We were also delighted to send the first greens of the season: sorrel, chives, and asparagus. Sorrel is a relatively new crop for us. We experimented with two plants a couple years back and they self-seeded prolifically. Wanting to encourage this earliest spring green, last year we dug up many of the new seedlings and started a dedicated row. As you can see in the photo above, the original patch was not the least bit diminished by our efforts! Sorrel has a sour flavour and is high in oxalic acid, so it is best eaten in moderation. We have been enjoying adding a few leaves to salads or to dandelion green stir-frys. Once the leaves get a bit bigger, their flavour is stronger and they are best used in soups and stews. It is supposed to go well with fish and eggs. As we continue with our own experimentation, we would be keen to hear your favourite ways to enjoy sorrel.

As usual, we will send a couple more installments of asparagus until the end of the May, when the winter season ends and we move on to weekly (in the Battlefords) and bi-weekly (in Saskatoon) vegetable orders (which will also include asparagus for the first few weeks). The crop is coming on strong this year: I harvested over nine pounds on Wednesday! Expanding an asparagus patch takes far more patience than seeding extra carrots, and our efforts of the past years are now bearing fruit (or vegetables, rather). We have a whole extra row that we can pick this year, and next year another should come into production as well. So, with thanks for your patience over the past couple years, we are pleased to share the new abundance.
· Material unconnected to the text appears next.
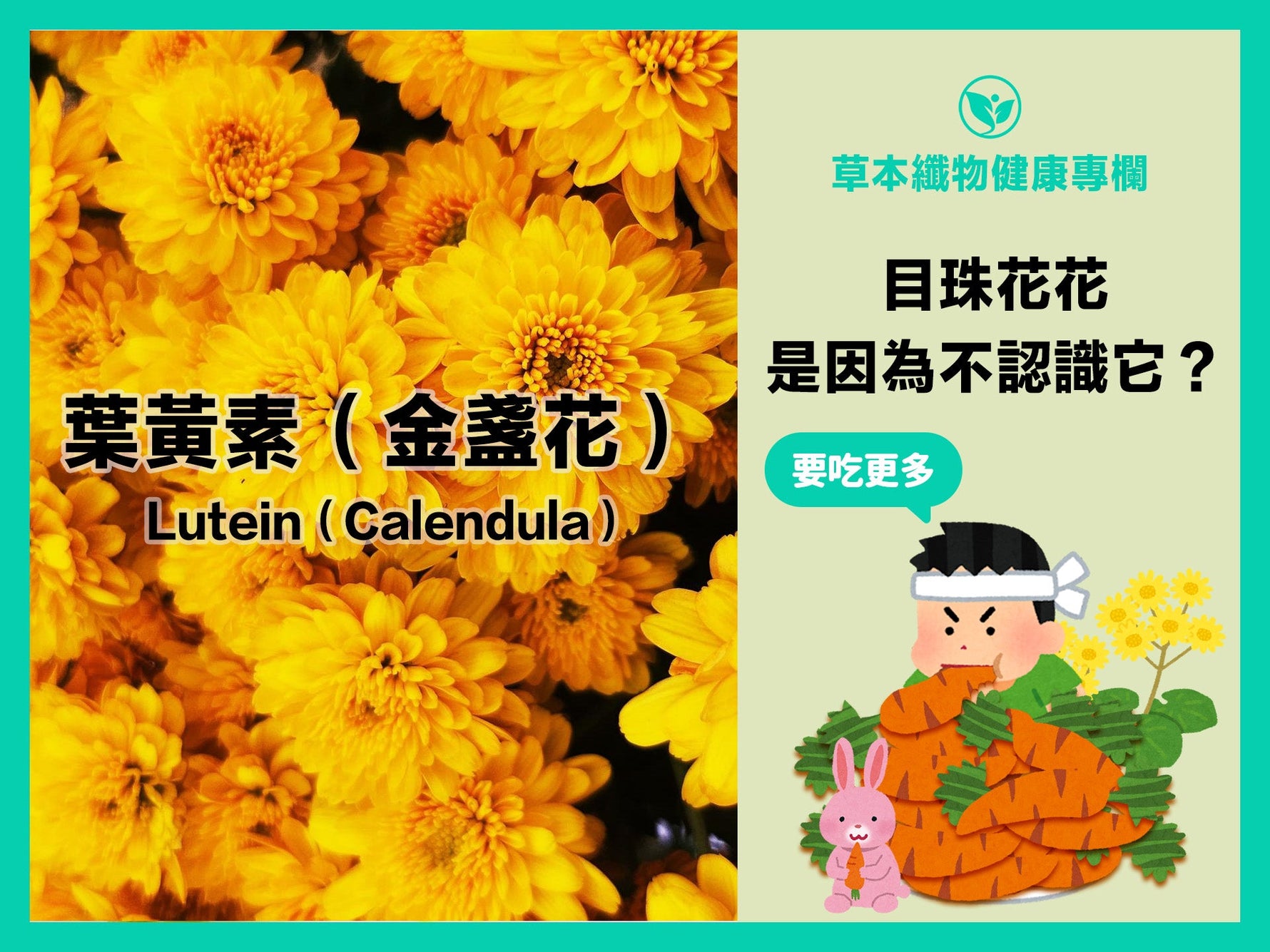 葉黃素能有效吸收藍光、降低自由基的形成！把對眼睛的傷害降到最小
Last week, we took a picnic supper with us as we “beat the bounds” of our farm. (See Shawn’s blog post at http://www.ecosophian.wordpress.com for more about this event.) It featured asparagus oven pancake, a spring favourite in our household:

Melt 1 Tbsp butter in a 9″ pie plate. Meanwhile, slightly steam 2/3 cup asparagus, cut in 1″ pieces. Place in bottom of pie pan.

Whisk together 3/4 cup milk

2/3 cup flour

2 eggs

1/4 tsp salt.

Pour over asparagus and bake at 400 until puffed and golden brown (20-25 minutes). Sprinkle 1/2 cup grated cheese on top, cut into wedges, and serve immediately.